Background Briefing: December 30, 2018

 

Did Cohen Meet Russians in Prague in 2016?

We begin with the two latest stories of evidence emerging revealing possible collusion between the Trump campaign and Russia with McClatchy reporting that cell signals off a cell tower in Prague place the mobile phone of Trump’s “fixer” Michael Cohen near Prague in late August early September of 2016. The other story from an investigation by TIME reveals that Victor Boyakin, a former military intelligence officer working for the Russian oligarch Oleg Deripaska, pressured Trump’s former campaign manager Paul Manafort over debts he owed but when approached by Robert Mueller’s investigators told the Special Counsel’s team to “go dig a ditch”. Scott Horton, a professor at Columbia Law School and a contributing editor at Harper’s in legal affairs and national security joins us to discuss the disconnect between Cohen denying that he went to Prague on Trump’s behalf to meet with Russians at the height of the presidential campaign as alleged in the Steele dossier, and the fact that Cohen spent 70 hours providing evidence to Mueller and recently tweeted that “Mueller knows all”. We will also look into the likelihood that Deripaska, a Russian oligarch close to Putin, got Manafort hooked on his money then after Manafort had squandered $20 million of it on luxury items, Derispaska had Boyakin lean on the greedy American for access and favors once Manafort had become Trump’s campaign manager.

 

The Criminalization of Russia’s Intelligence Services

Then we look further into the intelligence aspects of the cell phone evidence of Cohen’s possible presence in the Czech Republic indicating that yet more of the Steele dossier could be verified, and speak with a former CIA operations officer Robert Baer who was hired by the U.N. tribunal investigating the assassination of Lebanon’s president and used cellphone meta data to track down the Hezbollah assassins operating with Iran.

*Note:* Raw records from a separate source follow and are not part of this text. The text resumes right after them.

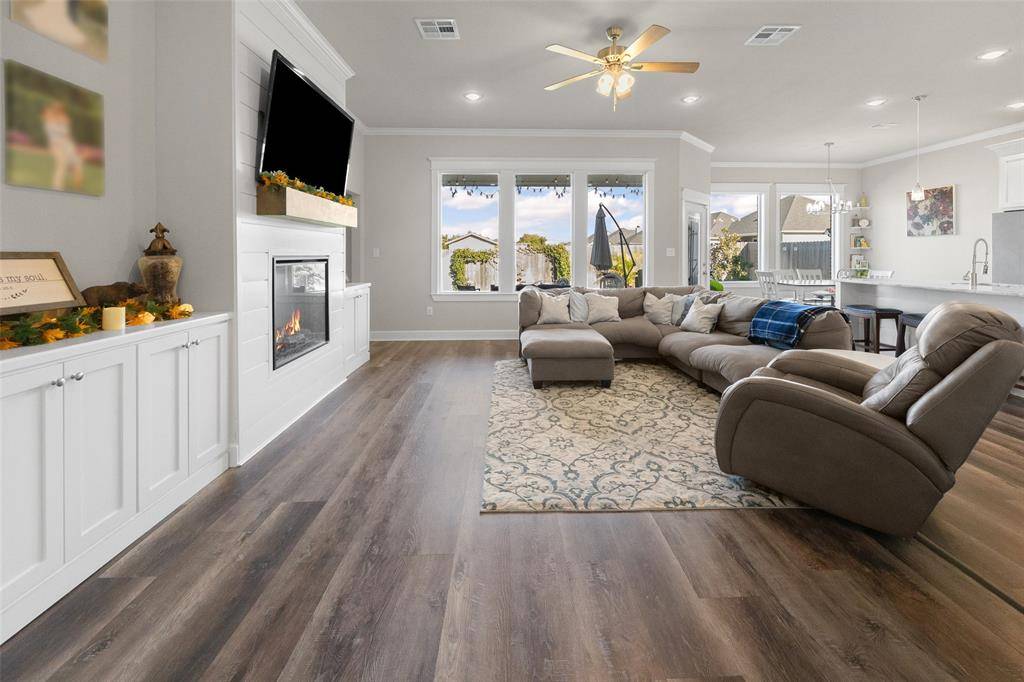 Robinson, TX 76706,408 Daisy Lane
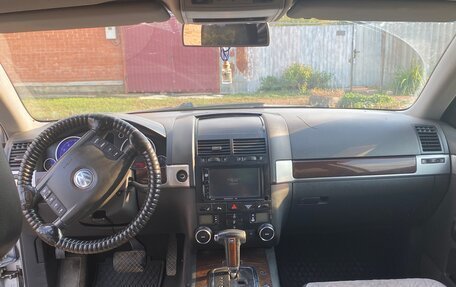 Volkswagen Touareg III, 2005 год, 730 000 рублей, 6 фотография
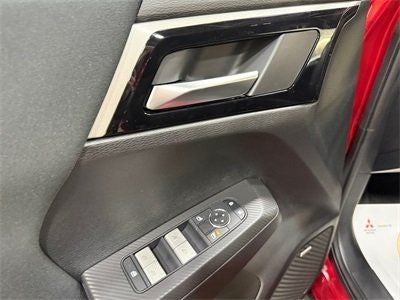 2026 Mitsubishi Outlander ES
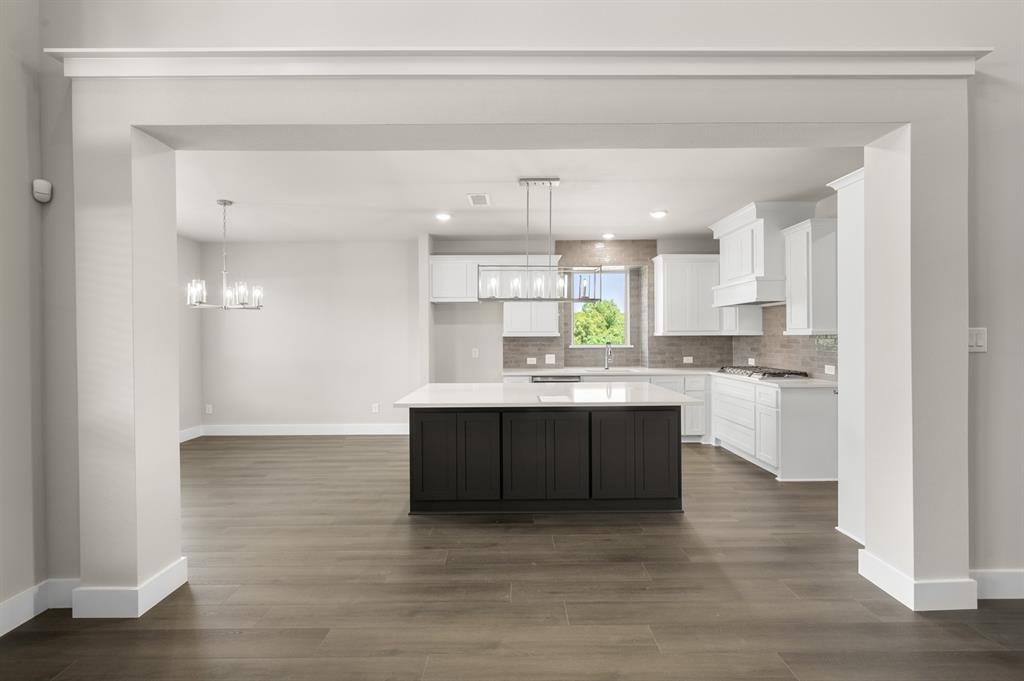 425 Newpark Boulevard Property Photo 12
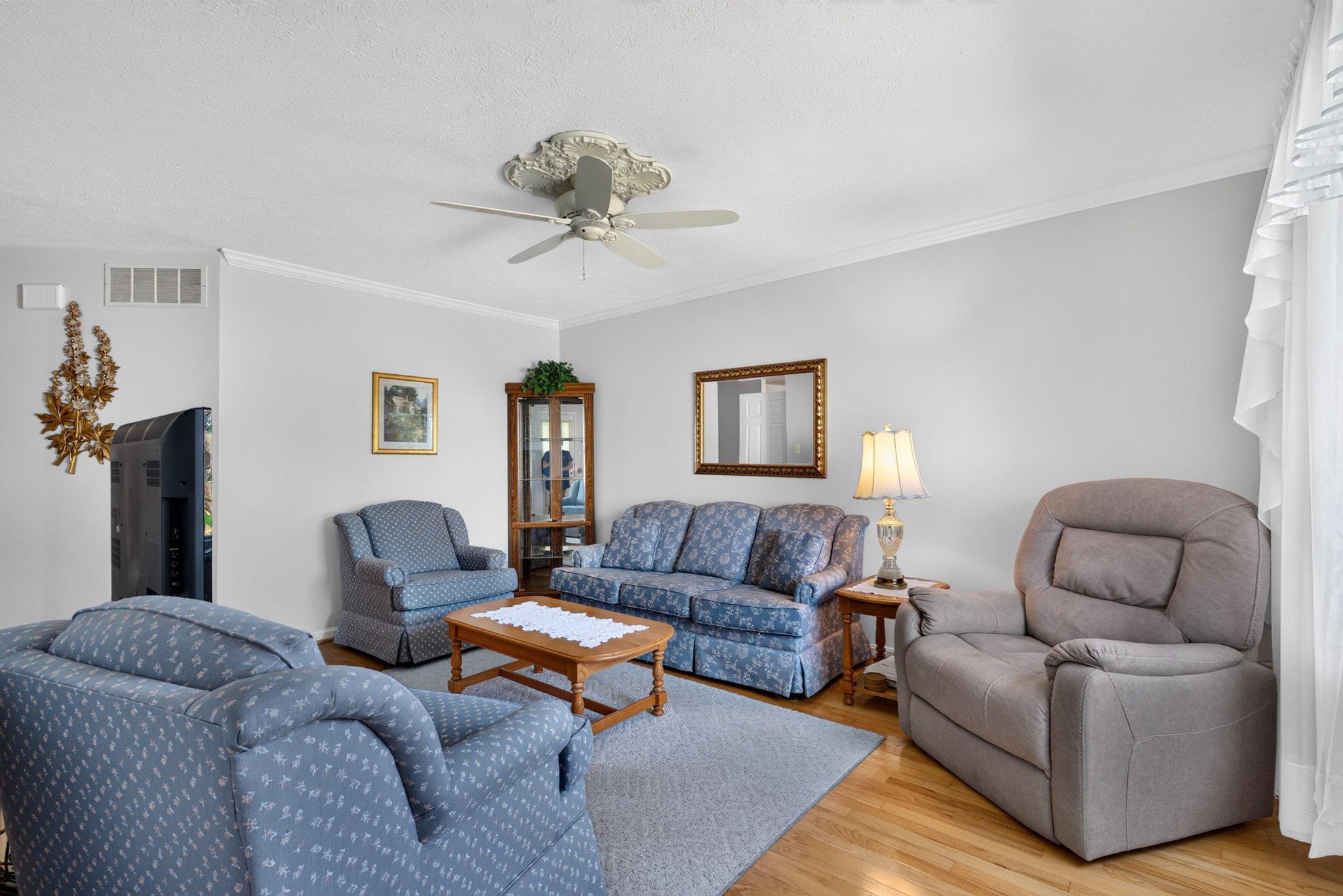 BEACHWOOD ESTATES - Residential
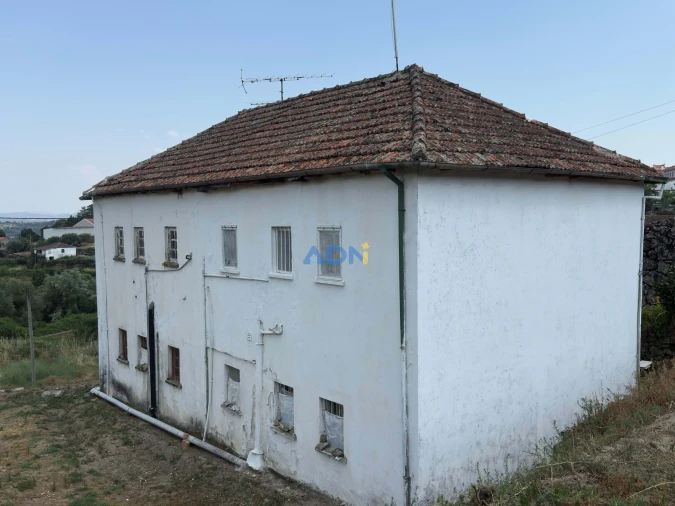 Moradia T8 para Venda em Covilhã e Canhoso Foto 2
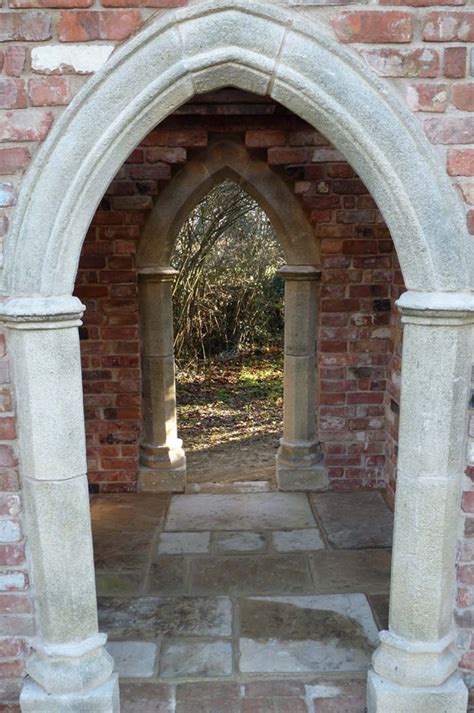 Standard Gothic Arch - Stone Garden Arch - Redwood Stone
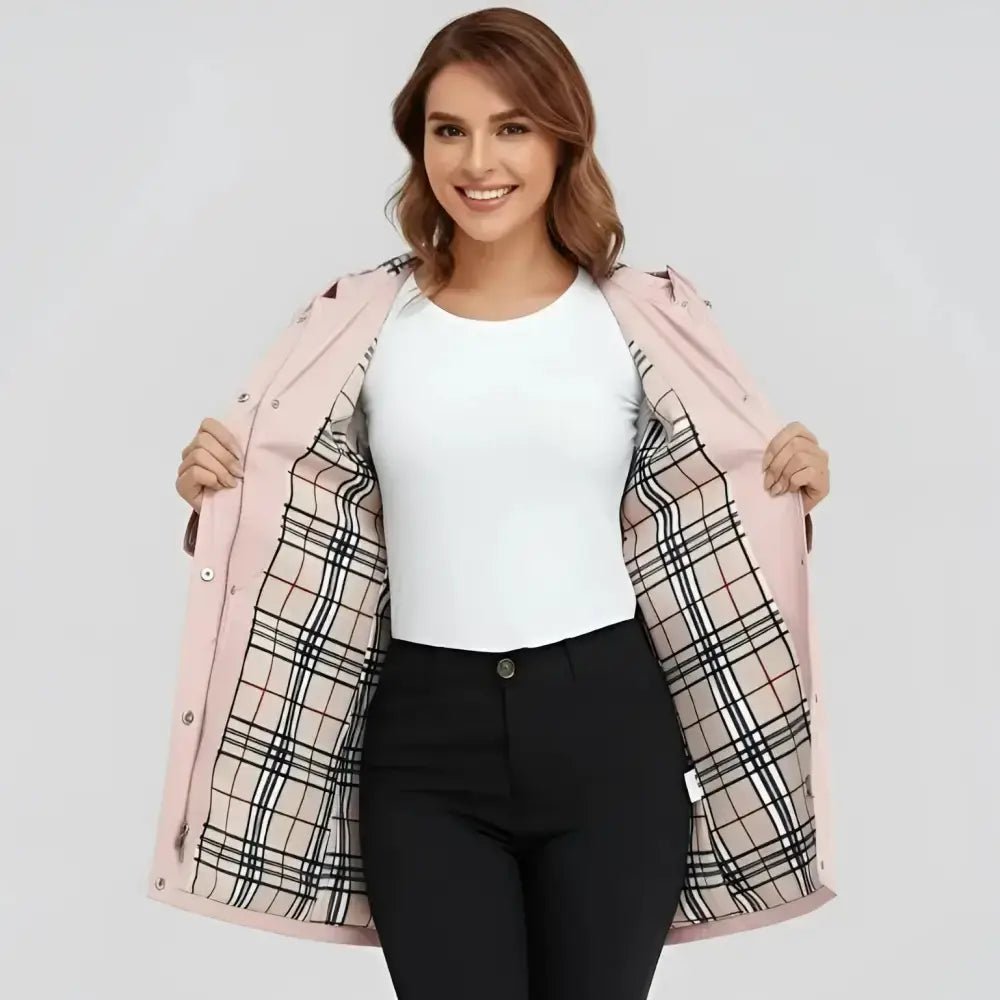 Parka Femme Doublure Tartan à Capuche ouverte montrant la doublure tartan et portée avec élégance.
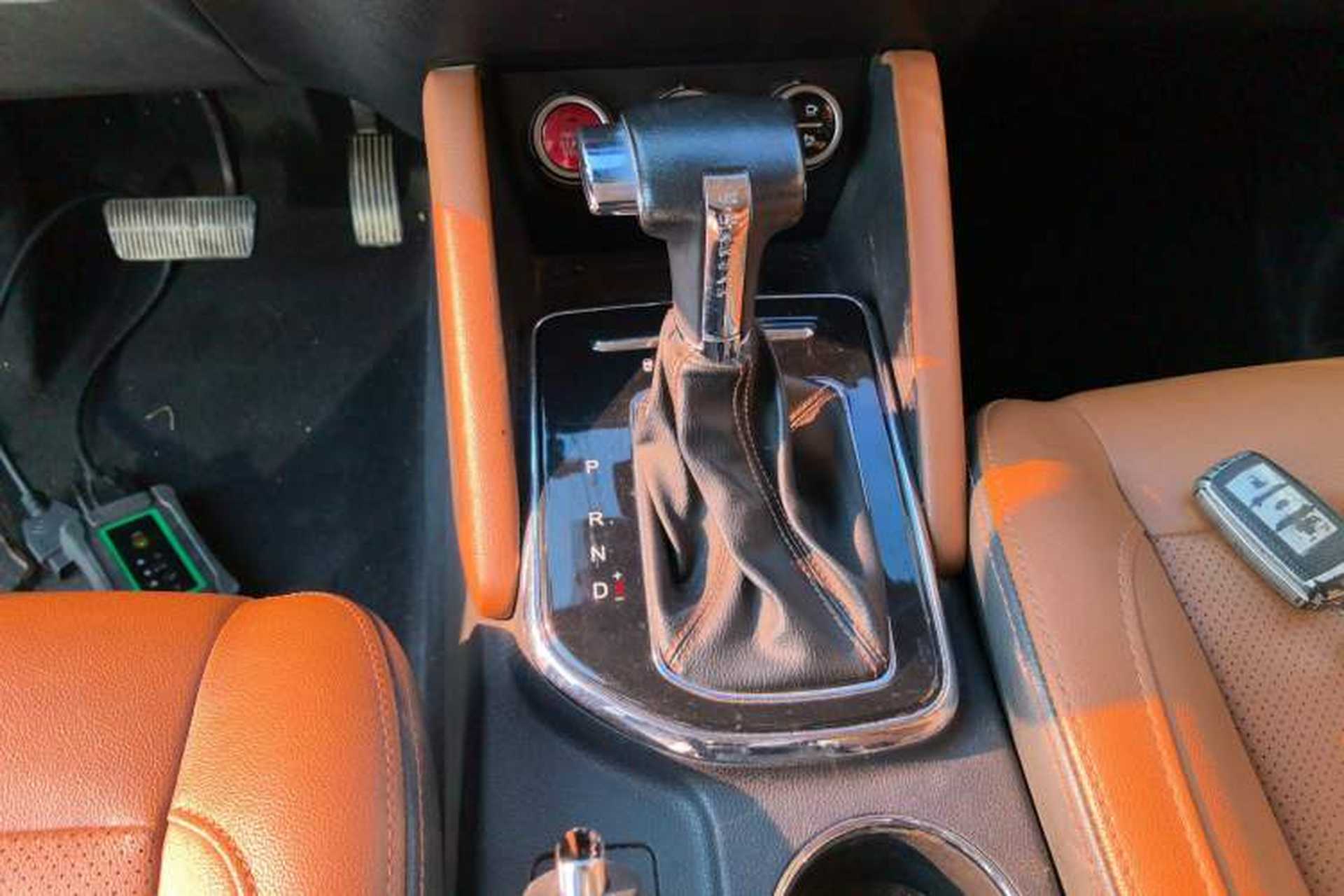 Used CHANGAN OSHAN CX70 2017 Facelifted CX70T 1.5T Automatic Zunqing Edition Gear Lever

We look into whether the Russians abandoned tradecraft in conspiring with amateurs from the Trump campaign because Putin likes to have it both ways as he did with the assassinations of Russian dissidents in the U.K., he has plausible deniability while at the same time signaling he approves of what happened.

 

Trump’s Politicization of the US Military

Then having already politicized the judiciary, we examine Trump’s latest efforts to politicize one of the few American institutions left that try to stay above and away from politics, the U.S. military. Patrick Mondaca, an instructor at the John Jay School of Criminal Justice at the City University of New York who served in the U.S. Army in Baghdad, Iraq in 2003, joins us to discuss his article at CNN “Trump is a fair-weather friend to the troops”. We will assess whether in turning a Christmas visit to troops in Iraq and Germany into campaign rallies at which Trump lied about giving the men and women in uniform a big pay raise, the Commander-in-Chief crossed a red line.